These are the bigger questions which are not finding answers in the sensationalised reporting by the media. Media is interested in sensationalizing, osbcuring common sense and highlighting fraud without explanation, as laid out in the above questions. And hence, the degree of the problem of this scam significantly and substantially varies from actual degree depending on the answers to the above questions.
What do we learn from Nirav Modi’s scam?
In India, what we have is ‘Savarna Capitalism’. Large sections of the entrepreneurs are from feudal background like landlords, traders, construction contractors, arrack sellers etc turning into capitalists. The baggage they carry into the business is too heavy and the network is nearly closely knitted restricting the social capital to a few upper class and caste sections. This structurally builds entry barriers for marginalized castes to join the league. The Savarna Capitalists, largely, are closely networked irrespective of the political party affiliations. Mallya, Deccan Chronicle Venkatrami Reddy, Nirav Modi etc are just in line with the same fashion of business and the underlying confidence in defaulting to banks is of same category. The Savarna Capitalists learnt in their lives that the system can be leveraged to their favour using their social capital and thus dishonesty has turned out be a way of life for many. The capitalists who have a visible and fairly assured business ahead have contained their temptation to default killing the golden goose. The default – which is determined by ability, willingness and affordability – is a general culture in large enterprises. Essar group Ruias have been consistently topping the chart in the history of economy and banking scams. They were the largest defaulters of IDBI in the late 1990s and still managed to raise large loans all over and kept defaulting in the banking system.

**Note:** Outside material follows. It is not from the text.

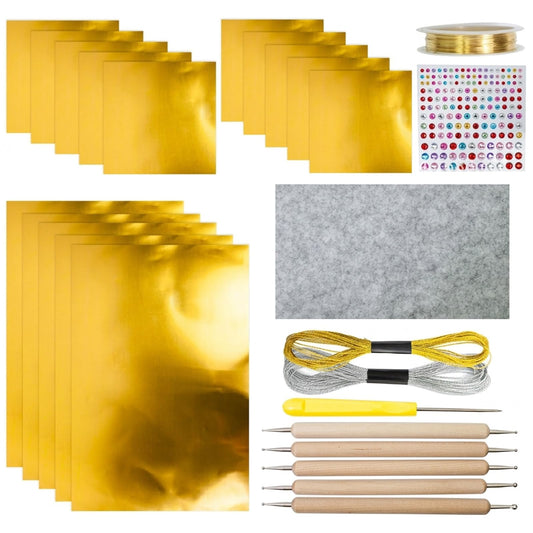 NYXODRON 15 Pieces Gold Embossing Foil Sheets, 11.57 x 9.76 Inch Metal Foil Art Kit and Embossing Kit for Crafting, Metallic Foil Craft Paper with Working Pad - Shimmering Gold Finish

The happening of Nirav Modi’s scam is actually no surprise and it is just not related to Modi or BJP alone. It is very erroneous to confine this problem only to Modi’s Government. The corporate indiscipline has been well nurtured and groomed by the Savarna capitalists and the enforceability of corporate governance is poor and institutional framework is inadequate. This is founded on the sympathy for the reasonability of taking enterprise risk by the capitalists, in the backdrop of poor economic environment and the in-built inherent challenges they face.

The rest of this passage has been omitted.